Searchable abstracts of presentations at key conferences on calcified tissues
Bone Abstracts (2019) 7 P188 | DOI: 10.1530/boneabs.7.P188

ICCBH2019 Poster Presentations (1) (226 abstracts)

Impact of type 1 diabetes mellitus on skeletal integrity and strength in adolescents aged 12 to 16 years; as assessed by High Resolution peripheral Quantitative Computed Tomography (HRpQCT)

Janani Devaraja 1 , Paul Dimitri 1, , Margaret Paggiosi 2 , Carolyn Clark 1 , Richard Jacques 2 & Nick Bishop 1,


1Children Hospital NHS Trust, Sheffield, UK; 2University of Sheffield, Sheffield, UK.

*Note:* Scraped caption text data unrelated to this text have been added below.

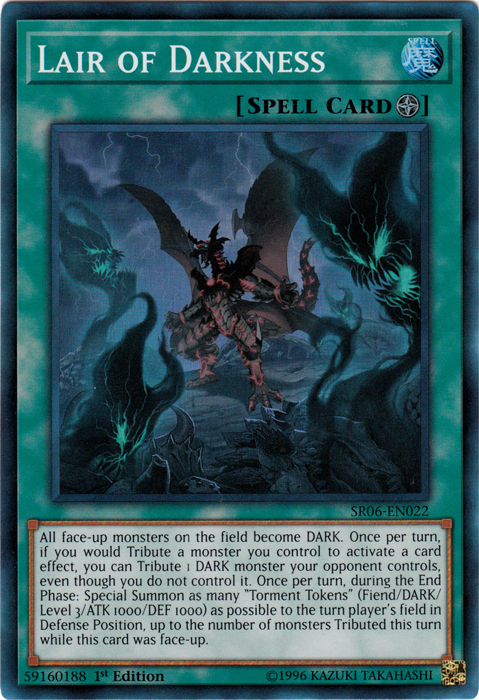 Lair of Darkness [SR06-EN022] Super Rare | GnG Games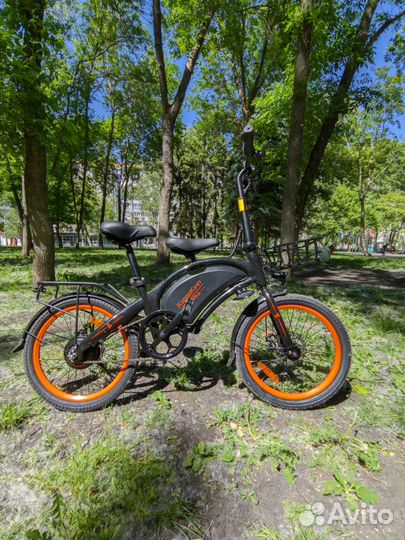 Электровелосипед Kugoo V1 Kirin Pro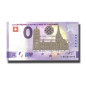 0 Euro Souvenir Banknote Notre Dame Colour Switzerland CHAV 2021-3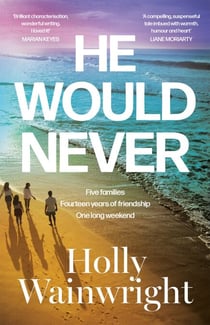 He Would Never - A Tense and Twisty Domestic Thriller of Motherhood, Betrayal, and a Devastating Allegiance, From Bestselling Author Holly Wainwright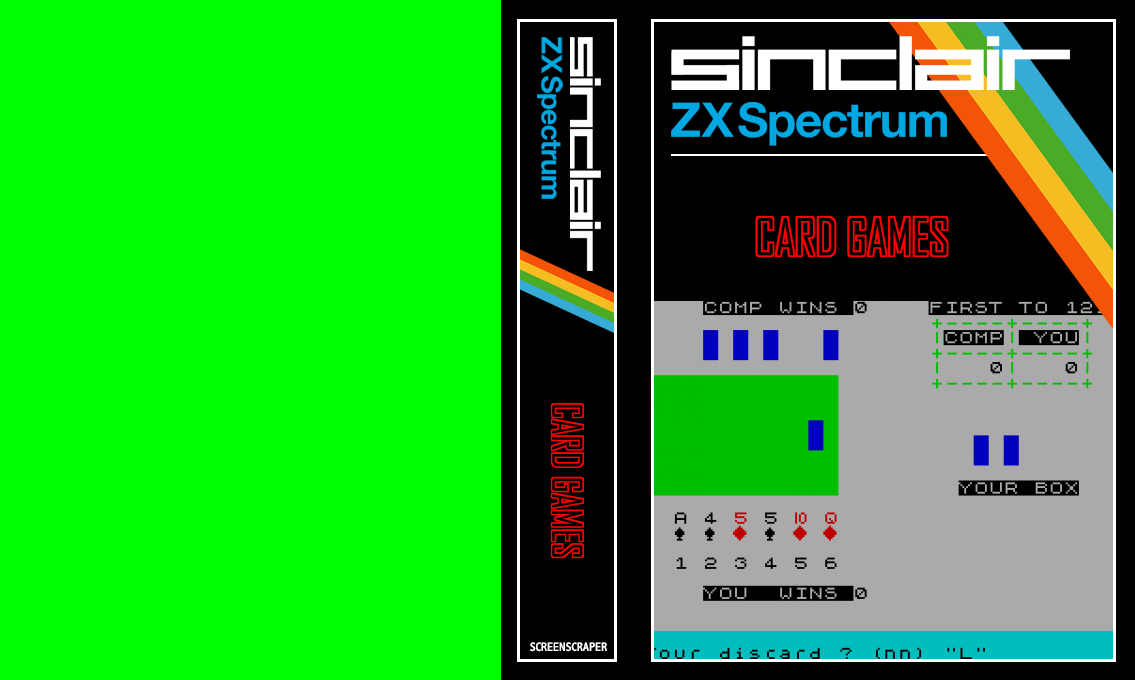 Card Games — box-texture (SS)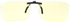Fotoja e Syze loje Gunnar Clip-On,Onyx, Natural Focus, lente amber, Picture 2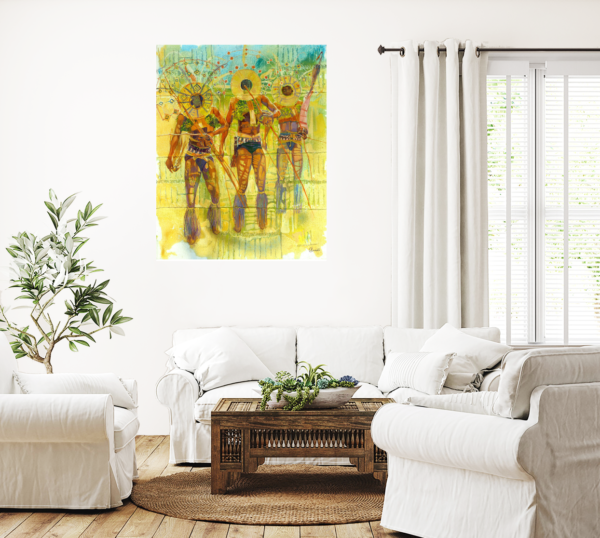 "Masques lunaires" – Image 2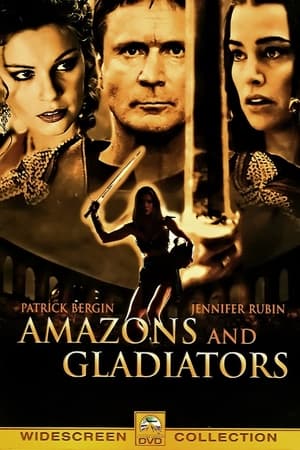 Amazonok és gladiátorok poszter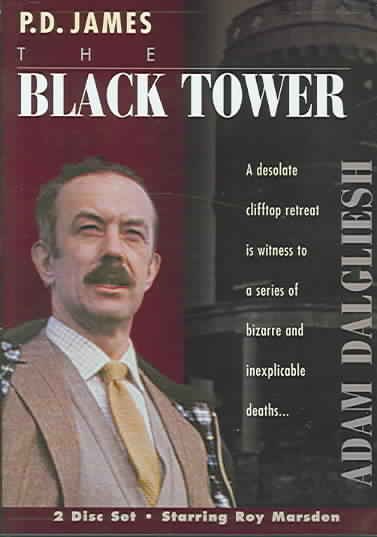 P.D. James - The Black Tower cover
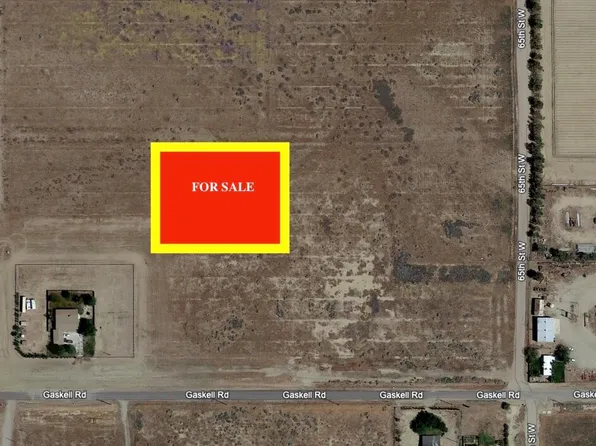 Gaskell Road And 65th St W, Rosamond, CA 93560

Objectives: To investigate the impact of Type 1 Diabetes Mellitus (T1DM) on cortical and trabecular microarchitecture, and bone strength in adolescents; using High Resolution peripheral Quantitative Computed Tomography (HRpQCT) and microfinite element analysis. To our knowledge, this is the first study in children, assessing the impact of T1DM on skeletal microstructure and strength using HRpQCT.

Methods: We recruited 22 patients aged 12–16 years with T1DM who were matched by age and gender with healthy controls. Recruits underwent a standard medical and fracture history; and diabetic therapy and control was assessed in T1DM patients. Participants then underwent DXA and HRpQCT scans. Paired t-tests were applied to assess differences in total body, lumbar and pelvic DXA parameters, cortical and trabecular microstructural parameters and skeletal strength. Regression analysis was used to determine if there was an association between HbA1C and duration of diabetes with changes in cortical and trabecular microarchitecture, and bone strength.

Results: There was no significant difference in the total body, lumbar spine and pelvic bone mineral density. Tibial trabecular thickness was lower in T1DM patients (−0.005 mm; CI −0.01, −0.001, P=0.029). There was a reduction in trabecular loading at the distal radius (Tb.F/TF distal: −6.2; CI −12.4, −0.03, P=0.049),and distal and proximal tibia (Tb.F/TF distal: −5.2; CI −9.2, −1.2, P=0.013), (Tb.F/TF proximal: −5.0; CI −9.8, −0.1, P=0.047). Regression models demonstrated a reduction in tibial stiffness (−0.877 kN.mm, P=0.03) and tibial failure load (−0.044 kN, P=0.03) with higher HbA1C before and after adjusting for age and gender.

Conclusion: Alteration of tibial trabecular microarchitecture is associated with an alteration in tibial loading properties. Similar loading alterations at the radius also appear to emerge in children with T1DM. Poor diabetic control may contribute to reduced tibial bone strength. Larger patient cohorts are required to determine if T1DM results in changes in skeletal integrity driven by duration and control of T1DM in childhood.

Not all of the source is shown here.